What helps Jonze and his fellow filmmakers bring these ideas to life are the convincing creatures, who are a combination of CGI and Jim Henson's Muppets. Their size and tangibility make us believe they're really there, and so their symbolism is more deeply felt. Jonze also places them in real locations (if this film has any green screens, they're not easy to spot).
I'm glad they decided to utilize practical effects instead of the full-on CGI. The monsters are living, breathing and real. Their authenticity reminded me of how kids invest their love and devotion into stuffed animals because it's something they can touch, hold and own. These same principles made me invest in the creatures, whom I actually saw them as real characters (it helps the voice casting is so strong).
As visually impressive as the film is, I think it's the screenplay by Jonze and Dave Eggers that give the film its heart and magic. It's economical and straight, and it never states whether Max's adventures are real or imaginary. His journey just happens, and when he's experiencing it, it's all about character interaction and group dynamics. Like the book, there's no central conflict needing to be resolved — no war that has to be fought; no way home that has to be found; no treasure that has to be discovered. The story doesn't feel bound by any plot, which makes Max's time feel limitless. We watch him learn, play and interact, knowing he could leave any time.
One thing that puts the film a step above other children's fantasies is the dialogue, which has a certain level of sophistication. It's not simple-minded, cute or patronizing just because the intended audience is children. Consider the scene when Judith (Catherine O'Hara) attacks Max for playing favorites. I never expected to hear such words in this kind of movie, but it was refreshing and fitting.
I also appreciated how the film never saw any of its situations as weird or bizarre. That's because it knows the world stems from the mind of a child, where anything is possible. There's a truly wonderful scene when Max must hide from Carol. Where he finds a hiding place, I won't say, but it's handled directly and delicately without suggesting anything inappropriate.
If the film has a flaw, and this is not a wholly justifiable one, it's that its themes are perhaps too flagrant. Adults will guess the creatures and situations are manifestations of Max's personality, but I think Jonze could have made them even more subtle. For example, I'm not sure we needed the snowball fight at the beginning of the film, which parallels the mud ball fight later on. Maybe Jonze could have given the audience, namely kids, even more credit to pick things up on their own. When they revisit this film later on in their lives, they'll realize what everything meant. Still, perhaps it's just fine as is, since it all takes place from the mind of a child, who likes things to be literal.

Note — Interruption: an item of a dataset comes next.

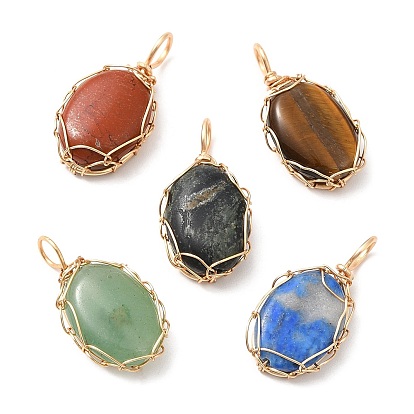 Natural Mixed Gemstone Copper Wire Wrapped Pendents, Oval Charms, Golden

Where The Wild Things Are is a film all kids should see. It's magical and innovative without being condescending. It speaks to kids (and adults) on a practical level—like they're people. Jonze doesn't go for any cute or slapstick effect, but lets it play naturally. Much of this is thanks to the remarkable performance by Records, who's in every scene and carries the film splendidly. In the last five minutes, in which no dialogue is spoken, he convinces us Max has learned a valuable lesson, and the closing shot tells us it won't be the last time this happens. So goes the life of a kid...and adult.